Heureusement, certains élus ont trouvé la parade pour se faire mousser l’ego. Il suffit d’importer certaines de nos us et coutumes républicaines héritées de l’Ancien régime. C’est le cas de Rachida Dati, ministre de la Justice. Débarquant à Bruxelles par TGV le 1er septembre 2008 pour intervenir devant le Parlement, elle a demandé à être accueillie en gare par l’ambassadeur Pierre Sellal, chef de la représentation permanente française, et non par des sous-fifres. Pas de chance, le diplomate avait d’autres chats à fouetter ce jour-là. Sarkozy avait convoqué un Conseil des dirigeants européens exceptionnel consacré à la crise géorgienne. « Sellal a quand même dû se libérer pour aller faire un baise-main à Rachida » confie un diplomate hilare.
A force de tant de désinvolture, les ministres français ont fini par irriter les élus européens. Heureusement Super Sarko veillait au grain… « Il nous a sorti le grand jeu au départ » note l’un de ces élus. En amont de la présidence française, tous les présidents de Commissions du Parlement européen ont été reçus à Paris par Sarkozy en tête à tête et les ministres de Fillon ont été priés de multiplier les contacts. Ce que certains ont fait très scolairement.
Puis, fin juin, ce fût au tour des présidents de groupes parlementaires de l’hémicycle communautaire d’être invités en grande pompe à Paris. Du jamais vu dans les mœurs européennes !
Et encore ce n’était rien comparé à l’effet produit par Nicolas Sarkozy lors de ses deux discours du 10 juillet et du 21 octobre dernier. Outre ses gesticulations et grimaces qui intriguent tant les autres peuples, le président français a introduit un commencement de ce décorum qui ferait défaut à l’Europe : « des tireurs d’élite disposés sur les toits autour du Parlement, des services de sécurité omniprésents à l’intérieur. Je crois qu’on n’avait jamais connu cela pour un chef d’Etat » grince un euro-député.
Pour clore la présidence française, Nicolas Sarkozy interviendra une dernière fois le 16 décembre au matin. Une bonne nouvelle pour les élus de l’Europe. En général, quand le chef de l’Etat parle, le gouvernement français se déplace au grand complet devant le Parlement européen.
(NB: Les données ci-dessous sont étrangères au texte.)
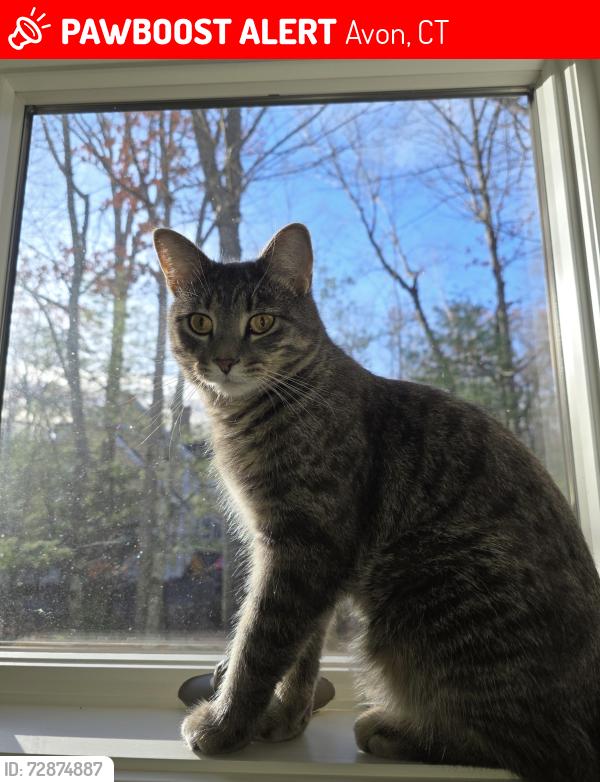 Lost Male Cat last seen Wildwood Dr Avon, CT, Avon, CT 06001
Le gouvernement de François Fillon ne comporte que deux ministres jouant réellement le jeu du Parlement européen : messieurs Borloo et Barnier, respectivement ministre de l’Ecologie et ministre de l’Agriculture. Motivé par la trace qu’il entend laisser dans l’Histoire, le premier défend mordicus son délicat « paquet climat », une déclinaison européenne du Grenelle de l’Environnement qui consiste à réduire de façon drastique les émissions de CO2 d’ici 2023. Quant à Michel Barnier, ancien commissaire européen, il ne rechigne pas à exposer sa position sur la réforme de la PAC ou sur les quotas de pêche. « Il adore venir devant le Parlement » apprécie l’entourage de l’euro-député socialiste Gilles Savary. La classe ! E. B.